Compile: Implement EWith (TODO EAccum)

That's going to be a mess

3 files changed, 143 insertions, 13 deletions

diff --git a/src/AST/Types.hs b/src/AST/Types.hs
index adcc760..acf7053 100644
--- a/src/AST/Types.hs
+++ b/src/AST/Types.hs
@@ -107,3 +107,13 @@ type family ScalIsIntegral t where
   ScalIsIntegral TF32 = False
   ScalIsIntegral TF64 = False
   ScalIsIntegral TBool = False
+
+-- | Returns true for arrays /and/ accumulators;
+hasArrays :: STy t' -> Bool
+hasArrays STNil = False
+hasArrays (STPair a b) = hasArrays a || hasArrays b
+hasArrays (STEither a b) = hasArrays a || hasArrays b
+hasArrays (STMaybe t) = hasArrays t
+hasArrays STArr{} = True
+hasArrays STScal{} = False
+hasArrays STAccum{} = True
diff --git a/src/CHAD/Accum.hs b/src/CHAD/Accum.hs
index 659c45f..14a1d3b 100644
--- a/src/CHAD/Accum.hs
+++ b/src/CHAD/Accum.hs
@@ -8,15 +8,6 @@ import Data
 
 
 
-hasArrays :: STy t' -> Bool
-hasArrays STNil = False
-hasArrays (STPair a b) = hasArrays a || hasArrays b
-hasArrays (STEither a b) = hasArrays a || hasArrays b
-hasArrays (STMaybe t) = hasArrays t
-hasArrays STArr{} = True
-hasArrays STScal{} = False
-hasArrays STAccum{} = error "Accumulators not allowed in source program"
-
 makeAccumulators :: SList STy envPro -> Ex (Append (D2AcE envPro) env) t -> Ex env (InvTup t (D2E envPro))
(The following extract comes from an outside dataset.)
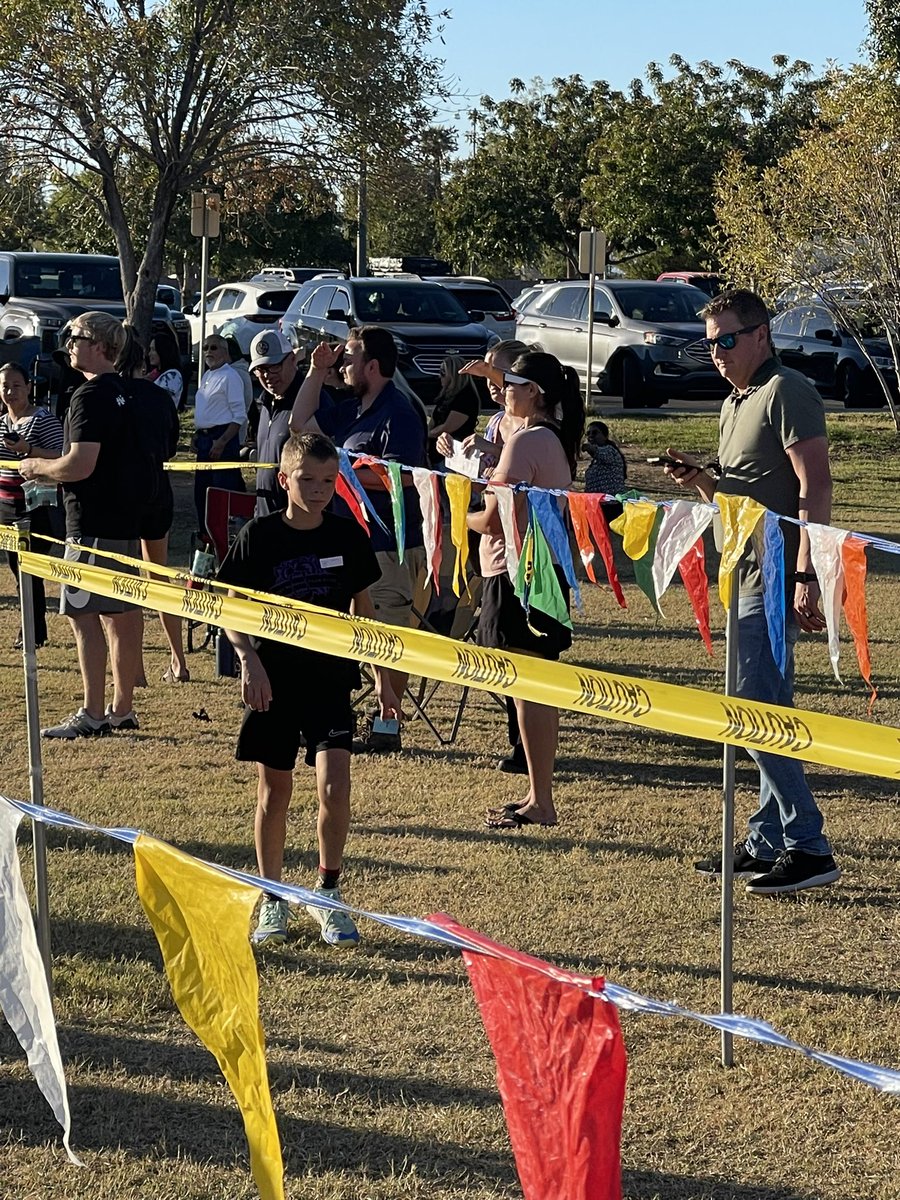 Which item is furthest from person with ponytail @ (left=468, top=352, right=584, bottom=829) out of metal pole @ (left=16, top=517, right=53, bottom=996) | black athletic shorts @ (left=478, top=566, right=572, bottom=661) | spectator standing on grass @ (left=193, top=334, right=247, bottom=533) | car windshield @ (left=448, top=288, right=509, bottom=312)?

 makeAccumulators SNil e = e
 makeAccumulators (t `SCons` envpro) e =
diff --git a/src/Compile.hs b/src/Compile.hs
index 037b0d8..424b28d 100644
--- a/src/Compile.hs
+++ b/src/Compile.hs
@@ -16,6 +16,7 @@ import qualified Data.Functor.Product as Product
 import Data.Functor.Product (Product)
 import Data.List (foldl1', intersperse, intercalate)
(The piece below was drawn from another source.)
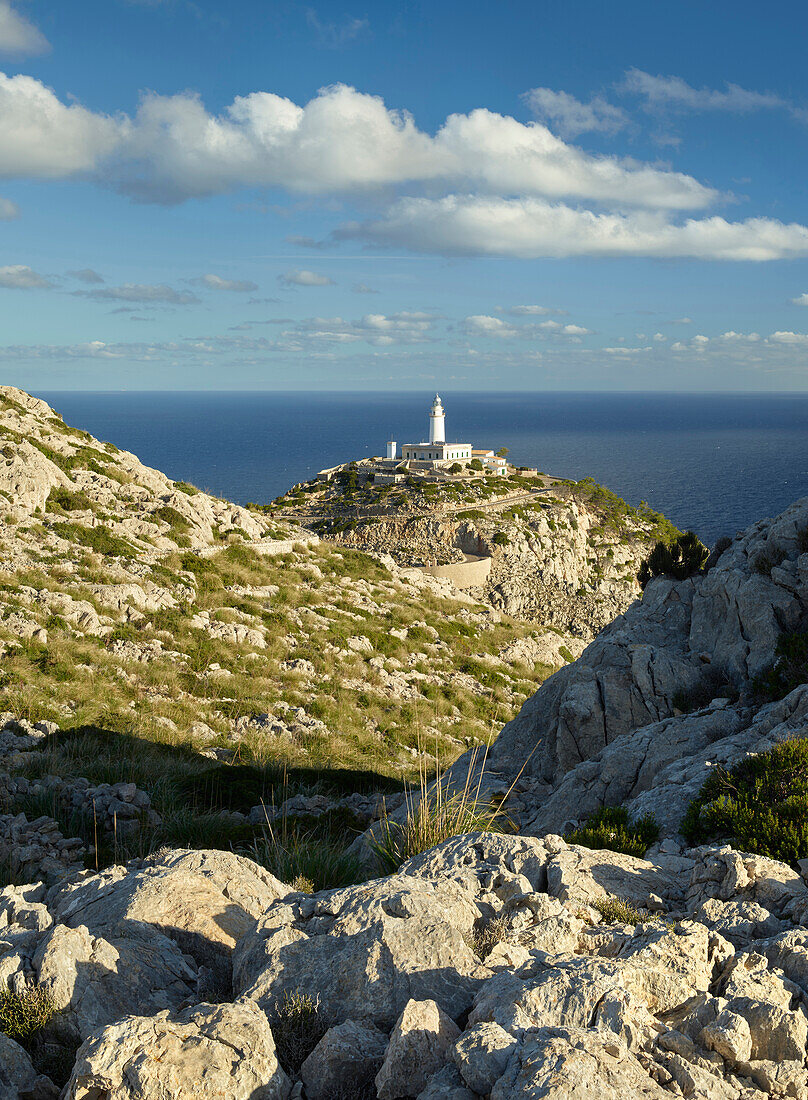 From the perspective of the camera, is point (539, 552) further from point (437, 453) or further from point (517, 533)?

 import qualified Data.Map.Strict as Map
+import Data.Maybe (fromMaybe)
 import qualified Data.Set as Set
 import Data.Set (Set)
 import Data.Some
@@ -745,9 +746,29 @@ compile' env = \case
     e' <- compile' env e
     compileOpGeneral op e'
 
-  -- ECustom _ t1 t2 t3 a b c e1 e2 -> error "TODO" -- ECustom ext t1 t2 t3 (compile' a) (compile' b) (compile' c) (compile' e1) (compile' e2)
+  ECustom _ t1 t2 _ earg _ _ e1 e2 -> do
+    e1' <- compile' env e1
+    name1 <- genName
+    emit $ SVarDecl True (repSTy t1) name1 e1'
+    e2' <- compile' env e2
+    name2 <- genName
+    emit $ SVarDecl True (repSTy t2) name2 e2'
+    compile' (Const name2 `SCons` Const name1 `SCons` SNil) earg
+
+  EWith _ e1 e2 -> do
+    let t = typeOf e1
+
+    e1' <- compile' env e1
+    name1 <- genName
+    emit $ SVarDecl True (repSTy t) name1 e1'
+
+    mcopy <- copyForWriting t name1
+    accname <- genName' "accum"
+    emit $ SVarDecl False (repSTy (STAccum t)) accname (maybe (CELit name1) id mcopy)
+
+    e2' <- compile' (Const accname `SCons` env) e2
 
-  -- EWith _ a b -> error "TODO" -- EWith (compile' a) (compile' b)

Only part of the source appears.